Le lac Victoria, bien que jeune géologiquement, est devenu le théâtre d’un phénomène évolutif remarquable. Une étude récente, publiée dans la revue Science, menée par des scientifiques de plusieurs institutions, a révélé que ce lac abrite une diversité exceptionnelle de poissons cichlidés. Cette diversification est le résultat d’hybrides issus de la reproduction entre différentes espèces.
L’explosion évolutive des cichlidés
Le lac Victoria, avec ses 16 000 ans d’existence, abrite environ 500 espèces différentes de poissons cichlidés, un chiffre remarquable compte tenu de l’âge relativement jeune du lac. Cette diversité est stupéfiante, surtout quand on la compare à la lenteur habituelle des processus évolutifs observés dans d’autres écosystèmes. Les chercheurs ont été particulièrement intrigués par la rapidité avec laquelle ces espèces se sont développées et diversifiées.

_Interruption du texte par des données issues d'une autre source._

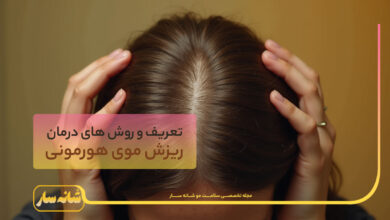 ریزش موی هورمونی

L’étude menée par des chercheurs de l’université de Berne, de l’université de Cambridge et du Wellcome Sanger Institute révèle que cette explosion de diversité est le résultat d’un mélange génétique entre trois lignées de cichlidés. Ces lignées, ayant trouvé refuge dans le lac après une période de sécheresse, ont fusionné leurs patrimoines génétiques, entraînant une diversification rapide et sans précédent.
Selon le Dr Joana Meier, les cichlidés du lac Victoria ne sont pas seulement nombreux, mais ils affichent également une grande variété de formes, de tailles et de comportements alimentaires. Certains sont spécialisés dans le grattage d’algues, tandis que d’autres sont devenus des prédateurs dominants. Cette diversité est probablement due à la nature turbide des eaux du lac lorsqu’il s’est rempli, rendant difficile pour les poissons de distinguer les couleurs de leurs congénères, ce qui a entraîné une période intense d’hybridation.
L’hybridation, un moteur de diversification
L’aspect le plus fascinant de cette étude est la manière dont l’hybridation a servi de moteur à cette évolution rapide. La situation des cichlidés dans le lac Victoria défie l’idée longtemps acceptée selon laquelle l’hybridation entre espèces distinctes mène à une impasse génétique. Au contraire, cette étude montre que l’hybridation peut être un moteur puissant de diversité génétique et d’adaptation.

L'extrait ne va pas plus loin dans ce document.